Loi « habitat dégradé » : la création d’un nouvel emprunt collectif !

Ce qui ne devait être qu’une loi concernant la prévention et le redressement des copropriétés en difficulté est finalement un texte bien plus ambitieux, affectant l’habitat dégradé de manière générale, et ayant des incidences jusqu’au sein des rapports locatifs. Parmi les principales mesures affectant le droit de la copropriété, on notera la création d’un nouvel emprunt à souscription collective. Nous reviendrons sur les autres modifications apportées par la loi « Habitat dégradé » dans les prochains numéros de Copropriétaires.

Loi n° 2024-322 du 9 avril 2024 visant à l’accélération et à la simplification de la rénovation de l’habitat dégradé et des grandes opérations d’aménagement.

De la souscription individuelle à la souscription collective

A L’heure actuelle, l’assemblée générale peut voter la souscription d’un emprunt au nom du syndicat, mais sa mise en place est strictement encadrée.

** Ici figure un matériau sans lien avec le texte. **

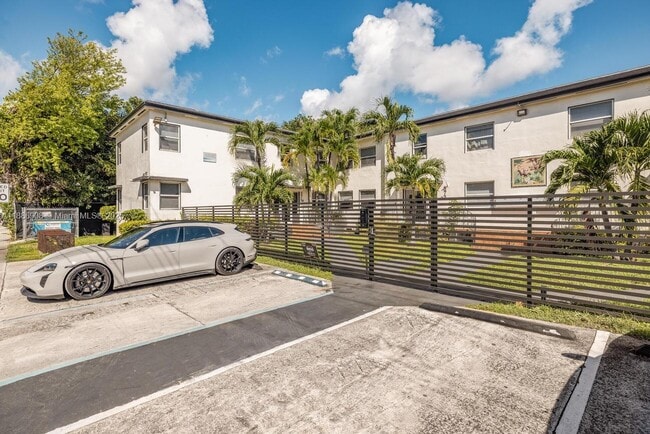Foto del edificio - 577 NE 82nd St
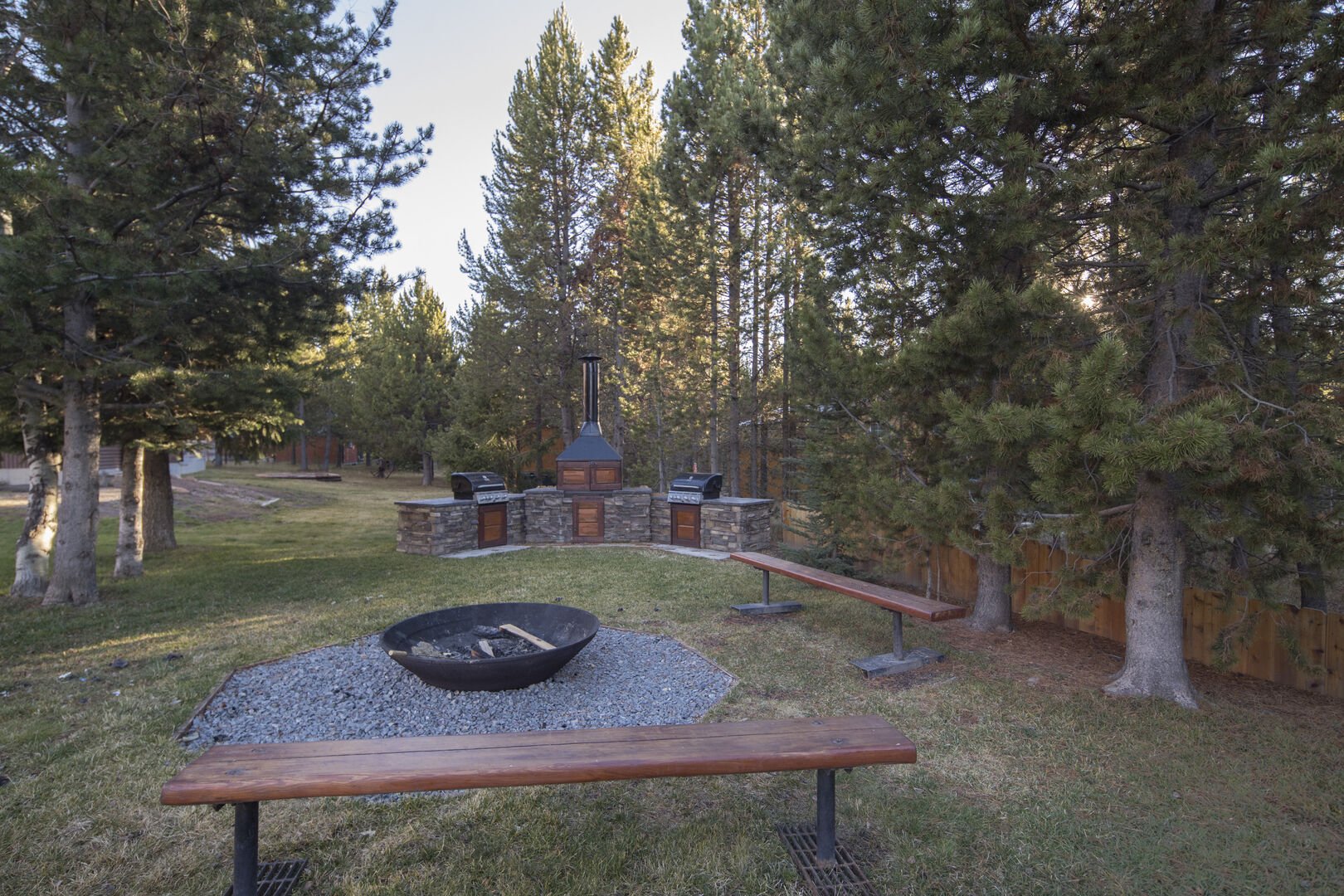 firepit (please bring your own wood)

En effet, l’article 26-4 de la loi du 10 juillet 1965 précise :

« L’assemblée générale ne peut, sauf à l’unanimité des voix des copropriétaires, décider la souscription d’un emprunt ou nom du syndicat des copropriétaires pour le financement soit de travaux régulièrement votés concernant les parties communes ou de travaux d’intérêt collectif sur parties privatives régulièrement votés, soit des actes d’acquisition conformes à l’objet du syndicat et régulièrement votés. »

Toute décision concernant un emprunt collectif au nom du syndicat des copropriétaires doit donc recueillir l’accord unanime de l’assemblée générale, ce qui est impossible, ou presque dans les faits. Mais le texte prévoit des exceptions. Ainsi, l’assemblée générale peut, à la même majorité que celle nécessaire aux travaux concernant les parties communes ou de travaux d’intérêt collectif sur parties privatives, voter :

– la souscription d’un emprunt au nom du syndicat des copropriétaires lorsque cet emprunt a pour unique objectif le préfinancement de subventions publiques accordées au syndicat pour la réalisation des travaux votés ;

– la souscription d’un emprunt pour financer des travaux d’économie d’énergie visés à l’article 25 al. f de la loi du 10 juillet 1965, mais à la condition que cet emprunt ne porte pas intérêt (un éco-Prêt à taux zéro par exemple) ;

– la souscription d’un emprunt au nom du syndicat des copropriétaires au bénéfice des seuls copropriétaires décidant d’y participer.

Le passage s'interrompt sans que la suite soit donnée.